[Brief descriptive captions]
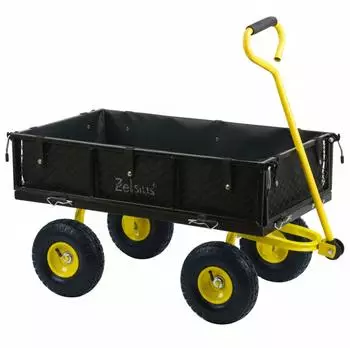 Zelsius Bollerwagen faltbar, 350kg, 75L, schwarz/gelb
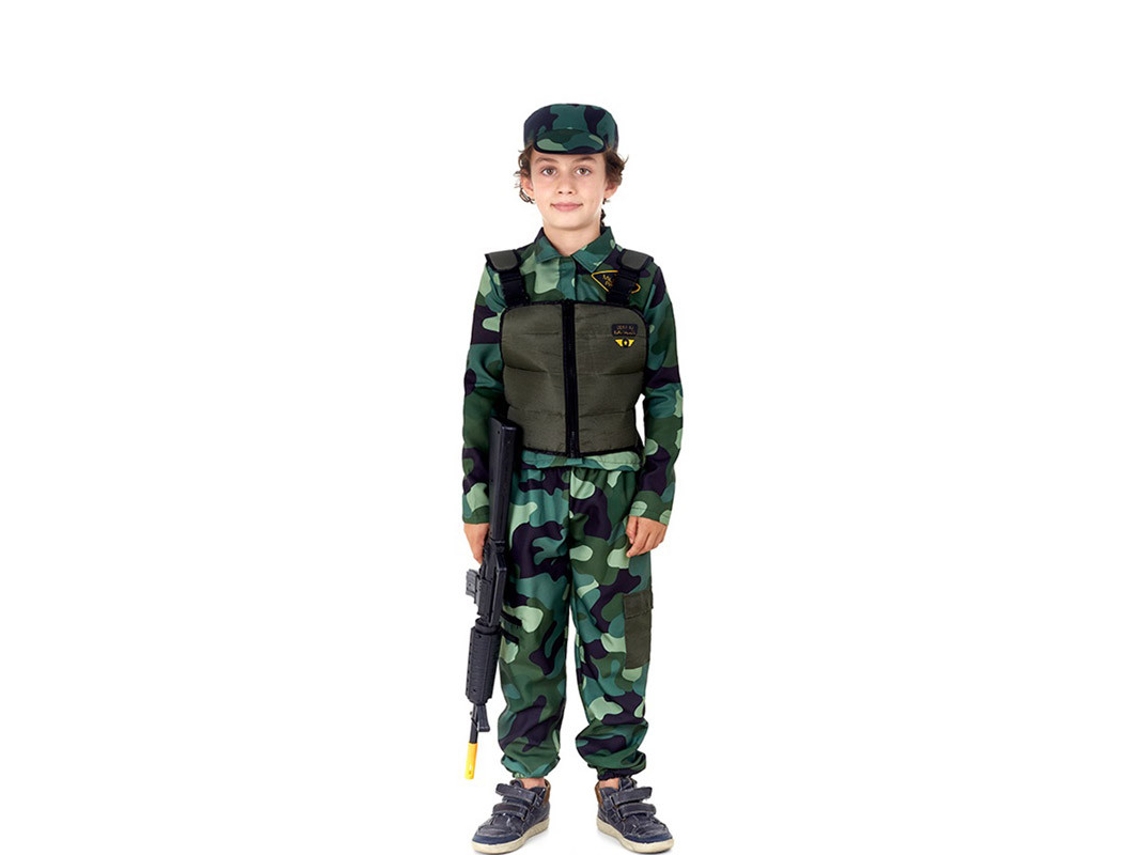 Fato de Menino PARTILANDIA Militar Camuflado Verde com Touca (Tam.: 3-4 anos)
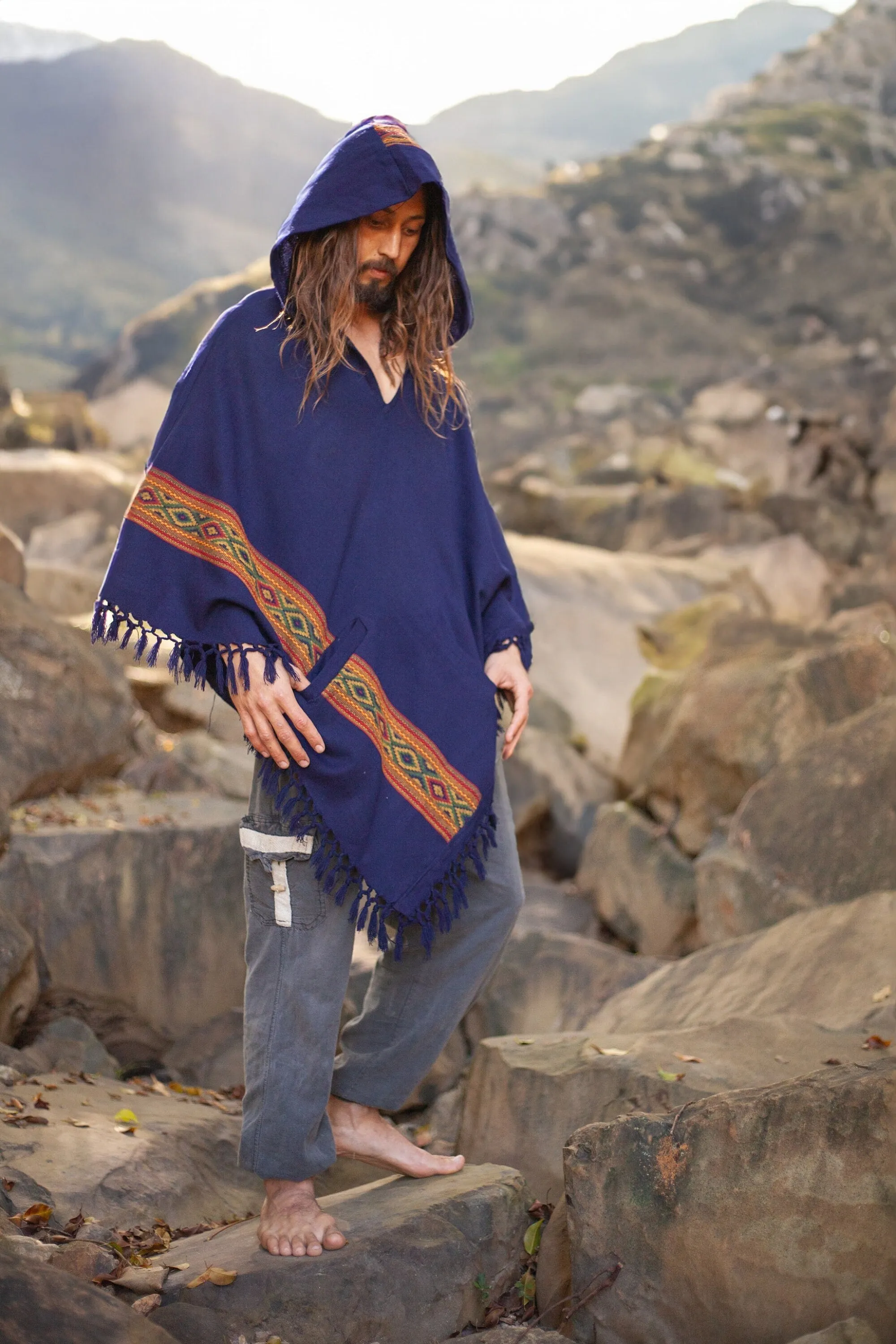 UPEKKHA Mens Hooded Poncho with Hood Indigo Purple Handwoven Pockets Cashmere and Acrylic Wool Tibet Zen Embroidery Primitive Mexican AJJAYA sold by Ajjaya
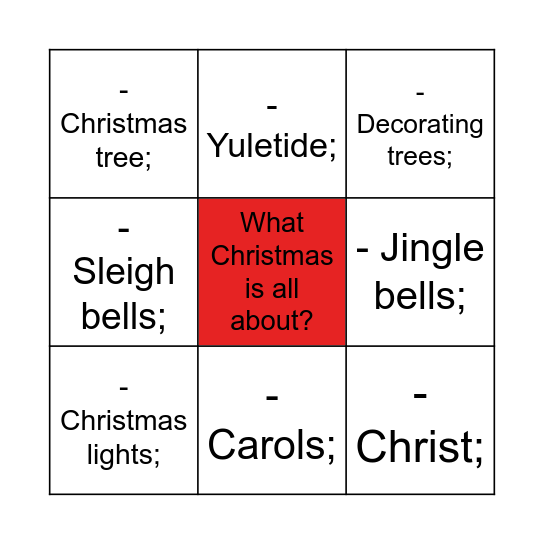 Christmas Bingo Card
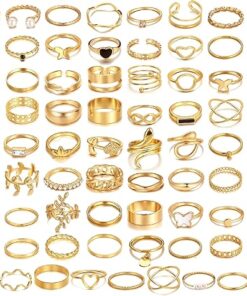 73 Pcs Gold/Silver Rings for Women-14K Gold Knuckle Stackable Chunky Rings Pack-That Don't Tarnish Gold Rings-Vintage Boho Heart Butterfly Ring Set Jewelry Gifts for Women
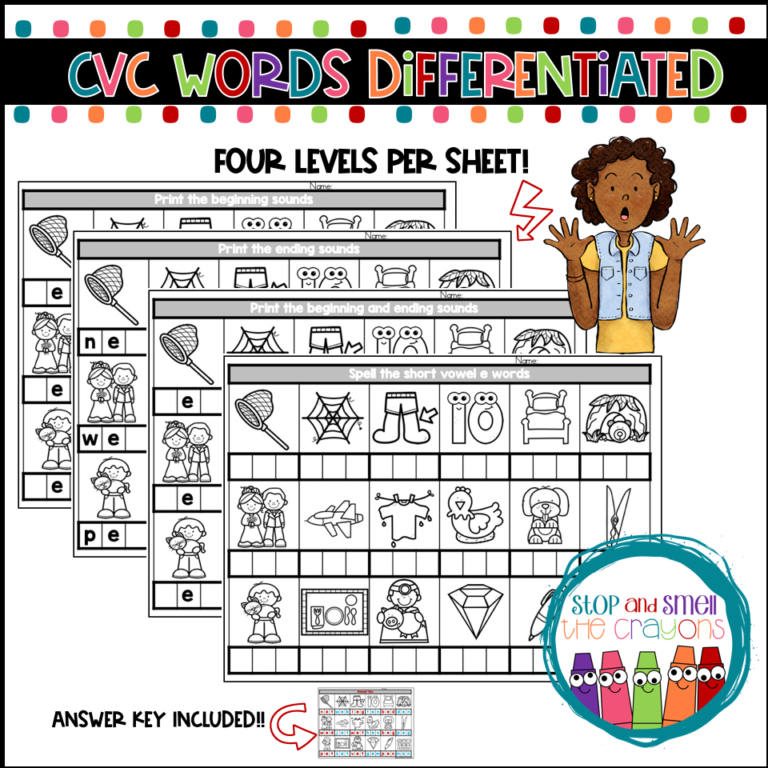 CVC Word Worksheets - Stop and Smell the Crayons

--- What the task requires ---
You are asked to output the records precisely as they appear, minus any pictures.

--- Completed task ---
 Zelsius Bollerwagen faltbar, 350kg, 75L, schwarz/gelb
 Fato de Menino PARTILANDIA Militar Camuflado Verde com Touca (Tam.: 3-4 anos)
 UPEKKHA Mens Hooded Poncho with Hood Indigo Purple Handwoven Pockets Cashmere and Acrylic Wool Tibet Zen Embroidery Primitive Mexican AJJAYA sold by Ajjaya
 Christmas Bingo Card
 73 Pcs Gold/Silver Rings for Women-14K Gold Knuckle Stackable Chunky Rings Pack-That Don't Tarnish Gold Rings-Vintage Boho Heart Butterfly Ring Set Jewelry Gifts for Women
 CVC Word Worksheets - Stop and Smell the Crayons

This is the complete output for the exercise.